Drax officials declined a request to be interviewed. But last year, Drax Chief Executive Officer Will Gardiner said Biden’s approach to climate change through the IRA “has turned heads overseas,” calling out the law’s $85 credit for every ton of captured and sequestered carbon dioxide.

“For businesses, including my own, the investment opportunities are transformative for both companies and the climate,” he said in a written statement. “The provisions in the Inflation Reduction Act … make the U.S. an attractive place to be.”

Environmental groups are watching the Treasury Department closely, noting it could tip the scales, depending on various assumptions built into computer models that calculate greenhouse gas emissions, and how it decides who gets the financial incentives.

“If harmful, polluting forest biomass energy production is wrongly credited under these IRA tax provisions, then the industry could grow and generate climate pollution in an exponential fashion, the way it has in the U.K. and the EU—undermining the climate objectives in the Act itself,” said Sami Yassa, a senior research specialist with the Natural Resources Defense Council.

Officials with the Treasury Department declined to comment on its handling of IRA tax incentives.

“Innovation” or “a Threat?”

Burning wood to produce electricity is a relatively small industry in the United States. As of 2022, about 2 percent of U.S. annual total energy consumption was from wood and wood waste, including bark, sawdust, wood chips, wood scrap and paper mill residues, according to the U.S. Energy Information Agency. But in the last dozen years, fueled by European subsidies and other policy incentives, wood pellet mills feeding overseas power plants have grown like kudzu vines across the South, making the U.S. the largest wood pellet exporter.

In theory, carbon dioxide emitted from burning wood gets taken up and stored by newly planted trees in a form of carbon recycling.

But in practice, some scientists have found that burning wood on a large scale to produce electricity is more damaging to the climate than burning coal. They cite a “carbon debt” that cannot be paid back fast enough by regrowth during the two-decade time frame in which a rapid reduction of carbon emissions is needed to meet the goals of the U.N. Paris Agreement on climate, which some scientists see as already slipping away from the world’s grasp.

There are also concerns that incentivizing forest biomass electricity could damage local ecological systems by accelerating tree cutting beyond what could be deemed sustainable.

To environmental advocates like Adam Colette, program director with the Dogwood Alliance, a North Carolina-based environmental nonprofit, the IRA is “one of the biggest emerging threats to southern forests.”

The law, Collette said, for the first time provides incentives for “large-scale energy generating facilities … in the United States, being built in the United States, using forest biomass. That’s something we have not seen.”

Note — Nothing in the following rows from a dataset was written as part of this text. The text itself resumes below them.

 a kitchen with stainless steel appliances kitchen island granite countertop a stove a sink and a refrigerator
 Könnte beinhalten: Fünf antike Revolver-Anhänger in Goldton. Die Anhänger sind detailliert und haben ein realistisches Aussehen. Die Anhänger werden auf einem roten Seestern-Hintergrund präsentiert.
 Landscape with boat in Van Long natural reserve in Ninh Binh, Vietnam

Industry representatives dispute the characterization of forest biomass energy as anything but renewable.

“What I see is innovation,” said Elizabeth Woodworth, the interim executive director of the U.S. Industrial Pellet Association, a trade group that advocates for wood energy as a solution to climate change, and whose members include DRAX, Weyerhaeuser and Enviva, the world’s largest wood pellet maker that announced it was filing for Chapter 11 bankruptcy on Tuesday.

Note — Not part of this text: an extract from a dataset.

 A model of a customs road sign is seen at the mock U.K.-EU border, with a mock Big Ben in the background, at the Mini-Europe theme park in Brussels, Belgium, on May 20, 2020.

“The thrust behind the IRA in general is to find alternative and renewable energy sources. Our (energy) demand, unfortunately, is not going down. And yet, we are in a critical phase with climate change. So this bioenergy is a tiny part of it, that it’s also meant to incentivize wind and solar and battery, battery storage, hydroelectric, etcetera.”

Spurring a Clean-Energy Transition

The Inflation Reduction Act of 2022, President Joe Biden’s signature climate bill, commits the federal government to providing $370 billion—an unprecedented amount—for reducing heat-trapping pollution. Federal spending or tax breaks in the IRA are a big part of the president’s goal of cutting economy-wide carbon emissions 50 percent by 2030 and 100 percent by 2050.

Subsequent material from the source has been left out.